KogoLab Research & Review

遊ぶように生きる。Vivi kiel Ludi.

誰のための報告書?

 年度末は報告書の季節でもある。自動的に報告書作成の予算が付いている場合もあるし、特別に予算を獲得したために報告書作成の義務が生ずる場合もある。いずれにしても、なかなかおっくうな仕事である。書く仕事というのは、まとまった時間が必要なので、卒論や入試業務や新年度への準備などでばたばたしているこの時期には本来はふさわしくない仕事といえよう。
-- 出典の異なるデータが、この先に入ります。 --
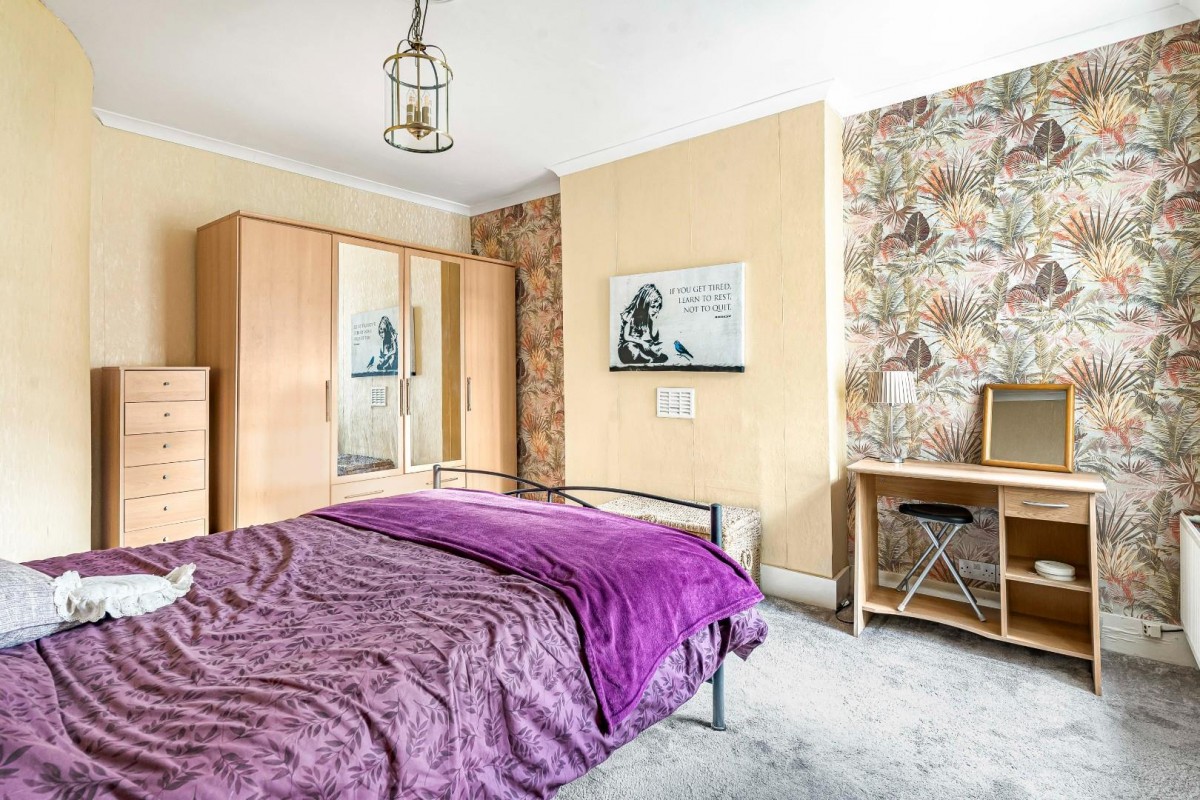 Lomond Grove, London, SE5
たとえば夏休みに報告書を書いてしまうというのはいい方法かもしれない。しかし、そんなことをする人はいない。

 年度の押し詰まった時期に書こうとするからいけないのだ、ということに気がつけば、節目節目で投稿論文や大会発表、または研究会のレポートとして書いておいて、年度末にはそれを取りまとめるだけという計画的な方法を採るだろう。こうしておけば、年度末報告書では目次を書くだけでいい。報告書のためだけに新しく原稿を起こすことがおっくうな理由の一つには、それが業績リストにも載せられないということがある。査読を受けているわけでもないし、専門を同じくする人たちの前で発表されたわけでもないからだ。とすれば、すでに公の場で発表されたものを収録するのは正当な報告書の作り方だといえる。
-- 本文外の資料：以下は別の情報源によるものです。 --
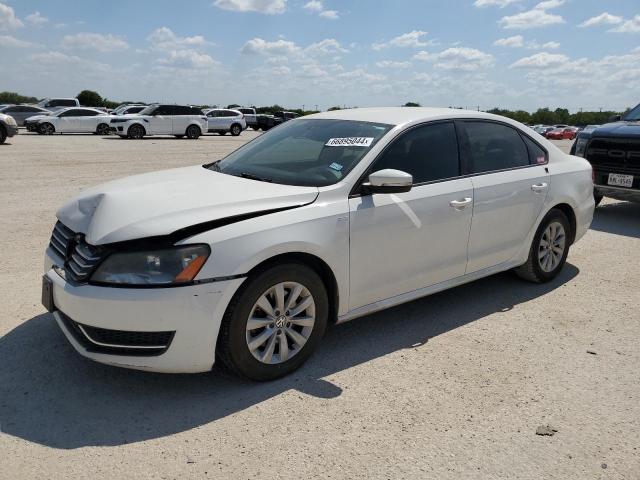 VOLKSWAGEN PASSAT S 2015 with VIN 1VWAT7A32FC061870 - Photo from auction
 報告書のために書いた原稿を元にして、論文を書いたり、研究会報告をするという逆の手順もあり得る。しかし、年度末の報告書はそれまでにやった仕事の総まとめという意味合いがあるから、逆の手順はそぐわないかもしれない。また、論文や報告の「すでに公表されたものではないこと」という基準に引っかかる場合もある。

 論文ばかりが発表の形態ではない。本や雑誌記事でもいいし、解説やチュートリアルでもいいし、ワークショップの資料でもいいし、またマニュアルという形もある。講演録や座談会記録なんてのもある。こうして見てみると、どんな形態であれ、ちゃんとドキュメントの形にしておくことが大切だ。ドキュメントになっていれば、あとでいろいろな形式に加工することができる。とはいえ、一仕事終わったあとで、それをドキュメントとして整理加工しておくのは面倒だ。だからついついそのまま書類を「超整理袋」に詰め込んで本棚に立てておしまいにしてしまうのである。しかし、仕事が終わった時点でのもう一仕事が後々役に立つ。

 このWeb日記もそういう意味で、日々のドキュメント化である。